A waitress serves drinks during a Friday happy

A waitress serves drinks during a Friday happy hour at Four Food Studio. (June 11, 2010) Credit: Newsday / Rebecca Cooney

It's just you and some friends gathered around the fire pit, oblivious to the whiz of traffic and the sight of surrounding office buildings. What matters is that you've got toes wiggling in the sand, a Margarita in one hand, a slider in the other. Who cares if there's no ocean in sight?

Thanks to a few resourceful restaurateurs, a beach can pop up just about anywhere on Long Island. All that's necessary is sand and a summery imagination.

Here are three places where the owners defied Mother Nature and made "beaches" of their own.

 

FOUR FOOD STUDIO

515 Broadhollow Rd., Suite 400, Melville

INFO 631-577-4444, fourfoodstudio.com

THE BEACH This year, partner Jay Grossman's summer revamp was skewed toward "a resort-type feel." The view of the Route 110 corridor is minimized by the new outdoor wood deck (or "boardwalk") shaded by a billowy white awning. Enclaves are filled with local-origin sand and have inflatable, white-tufted couches and coffee-table fire pits. Potted palm-like plants add to the ambience.

THE SCENE At lunch, a business crowd settles into canvas deck chairs under the awning. Later, out on the sand, happy hour evolves into a late-night club scene for a set that's mostly over 35. There's often a DJ, and dancing in the sand.

THE FARE From chef Ben Durham's seasonally driven New American menu, you might get a lobster roll or Thai beef salad at lunch and, at dinner, prosciutto-wrapped cod or lobster pasta. The cocktail-hour crowd might be sipping a "candy shop" watermelon martini or classic mojito and, perhaps, nibbling on flatbread. Late-night groups usually opt for bottle service and something communal, like a seafood tower.

 

POP'S SEAFOOD SHACK & GRILL

15 Railroad Place, Island Park

INFO 516-432-7677, popsseafoodshack.com

THE BEACH Owner George Voutsinas Jr. aimed to make his restaurant's marina-side location into the emotional equivalent of a vacation. He brought in lots of sand -- a blend of Long Island and New Jersey varieties -- and, every year, puts in new palm trees. Because there's also docking, many people assume the beach is nature's doing.

THE SCENE A crowd, mostly in their 30s, converges around the restaurant's eight fire pits to eat, drink and socialize. Some nights, there are DJs and dance parties. On Sundays, a family crowd comes for live reggae that starts in the afternoon and runs into early evening.

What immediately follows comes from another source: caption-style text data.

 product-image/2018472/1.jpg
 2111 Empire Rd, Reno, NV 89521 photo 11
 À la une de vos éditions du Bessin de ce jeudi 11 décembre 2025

THE FARE Chef Axell Uruttia's menu offers such dishes as a warm New England lobster roll, and fish and chips; you also could hit the outdoor Cranky Clam Bar for littlenecks or oysters on the half shell, ideal with a Margarita or mojito.

 

OFF KEY TIKKI

31 Baker Place, Patchogue

INFO 631-475-1723, offkeytikki.com

THE BEACH When owner Mike Bruemmer was about to build his faux beach, he inspected about 50 pails of sand before alighting on the "brightest and whitest" from the Gulf of Mexico. On the sand, you can relax in one of the 40 or so Adirondack chairs.

THE SCENE The crowd is generally older than 30 -- and, says Bruemmer, predominantly female. There's a relaxed, Key West vibe with live music and barefoot dancing. As on Key West, Sunday sunset parties are a ritual.

THE FARE To drink, there are such libations as a "sexy sand-sation" (involving both raspberry and passion fruit vodkas) and a "loaded" Margarita. Beach eating involves mainly finger foods, such as vegetable spring rolls and Thai calamari.